Paris. Frankreich wacht mit einer neuen politischen Landkarte auf. Gleich auf den ersten Blick fällt die Überzahl der rosarot gefärbten Gegenden, in denen der Sozialist François Hollande die Führung übernahm, gegenüber den blauen Flecken, in denen Nicolas Sarkozy im ersten Durchgang der Präsidentschaftswahl am Sonntag dominierte. Nur bei genauem Hinsehen fällt auf, dass in 15 der 95 Départements Marine Le Pen oft nur mit geringem Abstand an zweiter Stelle liegt und im Umkreis von Nîmes (Departement Gard) gar Erste wurde.

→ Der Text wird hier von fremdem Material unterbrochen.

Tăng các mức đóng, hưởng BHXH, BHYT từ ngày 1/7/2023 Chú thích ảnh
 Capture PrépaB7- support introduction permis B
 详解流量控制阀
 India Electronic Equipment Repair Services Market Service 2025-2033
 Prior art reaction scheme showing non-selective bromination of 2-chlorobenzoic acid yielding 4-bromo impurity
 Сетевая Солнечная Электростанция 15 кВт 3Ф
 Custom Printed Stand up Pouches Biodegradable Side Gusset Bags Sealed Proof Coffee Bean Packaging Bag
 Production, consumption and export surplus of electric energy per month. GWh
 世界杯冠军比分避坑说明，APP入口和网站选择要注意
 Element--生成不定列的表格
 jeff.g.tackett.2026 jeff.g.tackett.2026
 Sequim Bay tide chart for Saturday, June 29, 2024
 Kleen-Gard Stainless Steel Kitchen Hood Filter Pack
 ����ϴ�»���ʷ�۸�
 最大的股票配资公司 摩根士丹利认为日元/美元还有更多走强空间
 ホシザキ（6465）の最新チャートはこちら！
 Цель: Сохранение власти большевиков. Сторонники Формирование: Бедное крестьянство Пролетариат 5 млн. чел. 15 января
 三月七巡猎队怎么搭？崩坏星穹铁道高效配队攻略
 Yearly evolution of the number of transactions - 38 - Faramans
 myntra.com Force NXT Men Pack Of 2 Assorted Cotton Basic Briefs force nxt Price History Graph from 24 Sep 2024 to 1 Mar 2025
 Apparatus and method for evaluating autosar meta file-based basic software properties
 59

Vom Ärmelkanal über Lothringen bis ins Elsass im Norden und von Marseille bis Nizza an der Côte d'Azur hat die Chefin des rechtsextremen Front National (FN) ihre Hochburgen. Mit einer aggressiven Kampagne gegen die „Pariser Eliten“, gegen das „Establishment“ und gegen den Euro sprach sie ein breites Publikum von Unzufriedenen, Enttäuschten und Unterdrückten an, die sich von allen anderen Parteien verachtet fühlen. Der FN gibt ihnen ein Zusammengehörigkeitsgefühl.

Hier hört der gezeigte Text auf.